Le… cast du siècle !
Capitole-Studios, Le Pontet (84), mardi 2 avril 2019
La Forza del destino. Opéra en 4 actes.
Robert LLOYD, Le Marquis. Anna NETREBKO, Leonora. Roberta ALEXANDER, Curra. Jonas KAUFMANN, Don Alvaro. Ludovic TEZIER, Don Carlo di Vargas. Veronica SIMEONI, Preziosilla. Feruccio FURLANETTO, Padre Guardiano. Alessandro CORBELLI, Fra Melitone
Chœur et Orchestre Royal Opera House
Direction Musicale, Antonio PAPPANO. Mise en Scène, Christof LOY. Décors et Costumes, Christian SCHMIDT
Voilà une représentation exceptionnelle de La Force du Destin qui fera date et référence tant par sa distribution (« le cast du siècle ?») que par cette production de 2017 qui met en valeur l’esprit du compositeur.

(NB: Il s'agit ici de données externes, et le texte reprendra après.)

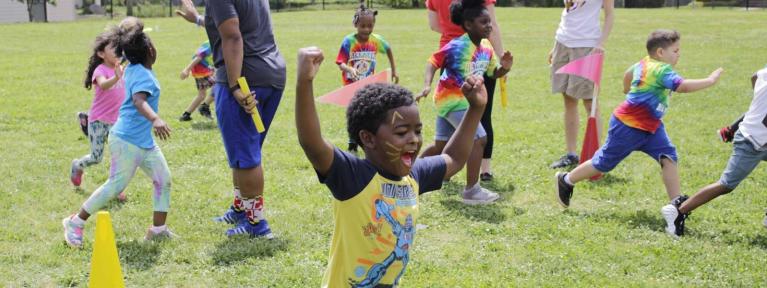 Boy running outside during field day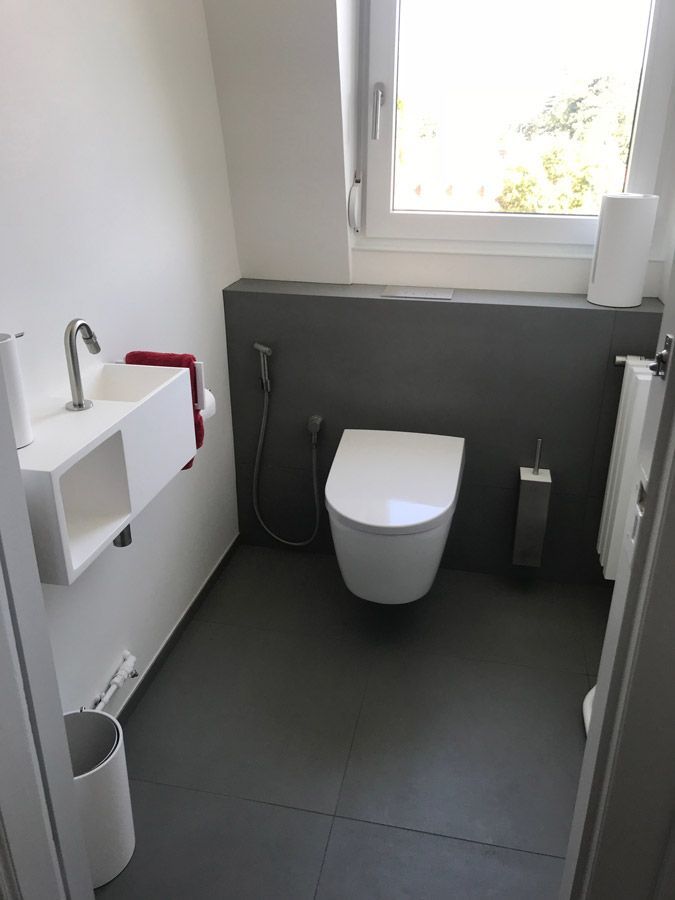 Une salle de bain avec toilettes, lavabo et fenêtre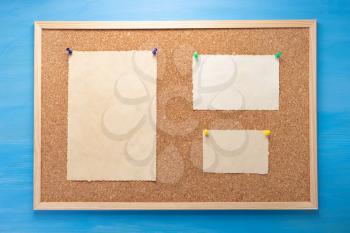 cork board and memory paper on wooden background texture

De surcroît on attendait avec impatience la prestation d’Anna Netrebko en prise de rôle. Elle s’approprie Leonora en toute excellence, composée de passions contradictoires, avec une évidence que favorise son souffle vaste, des aigus filés qui nous rappellent sa référence, Montserrat Caballé. Elle nous donne dans les « Virgine degli angeli », dans « Pace mi Dio », une fougue, une vibration charnelle qui est aussi la vibration de l’âme. Avec un timbre irrésistible, des demi-teintes d’exception et des sentiments d’une telle force, que le public après chaque grand air lui réserve une véritable ovation.
Mais l’excitation est à son comble lorsque Jonas Kaufmann entre en scène. Le ténor reprend le rôle d’Alvaro qu’il avait chanté pour la première fois à Munich : un véritable miracle. Il trouve la lumière et la plasticité nécessaires pour un phrasé qui épouse à merveille l’instabilité affective du personnage.
Tous les deux partagent ce triomphe avec Ludovic Tézier, qui s’affirme ainsi comme un des plus grands barytons verdiens. Notre baryton français (soyons chauvin) nous gratifie d’un legato et d’un volume sidérant, qui s’accompagnent d’une puissance d’incarnation exprimant jusqu’à l’effroi les pulsions vengeresses de Don Carlo di Vargas.
Veronica Simeoni en Preziosilla ne démérite absolument pas, de même que les vétérans, nombreux dans cette distribution et qui n’ont pas perdu de leur charisme : Roberta Alexander en camériste, Robert Lloyd en marquis, Alessandro Corbelli en Fra Melitone qui campe son rôle habituel de bouffon : une véritable référence, tel que l’était Gabriel Bacquier mémorable dans ce rôle. Le Padre Guardiano de Feruccio Furlanetto nous gratifie, lui, à 70 ans de graves qui nous glacent le sang par son autorité.
On aurait certes pu tout craindre la transposition de l’action au XXème siècle.
Mais c’est sans compter sur la finesse et l’habilité de Christof Loy qui en prenant le parti du décor unique sait l’aménager en fonction des situations. Cette concentration favorise la loyauté et la franchise de la direction d’acteurs. Le seul bémol peut-être serait le côté Kermesse de la scène du campement militaire avec danseurs et lampions.
Au pupitre on retrouve avec grand plaisir Antonio Pappano qui maîtrise l’œuvre de Verdi, et accompagne de main de maître ce casting d’exception qu’un chef a rarement le bonheur de diriger.
Sous cette phalange hors qualificatif, l’orchestre de Covent Garden confirme sa place dans le quintette de tête mondial des formations lyriques.
Les spectateurs n’ont pas vu passer les 4h20 de programme, et ont même sollicité une seconde séance, pourquoi pas un dimanche après-midi. « Viva Verdi ! » (JL.A.)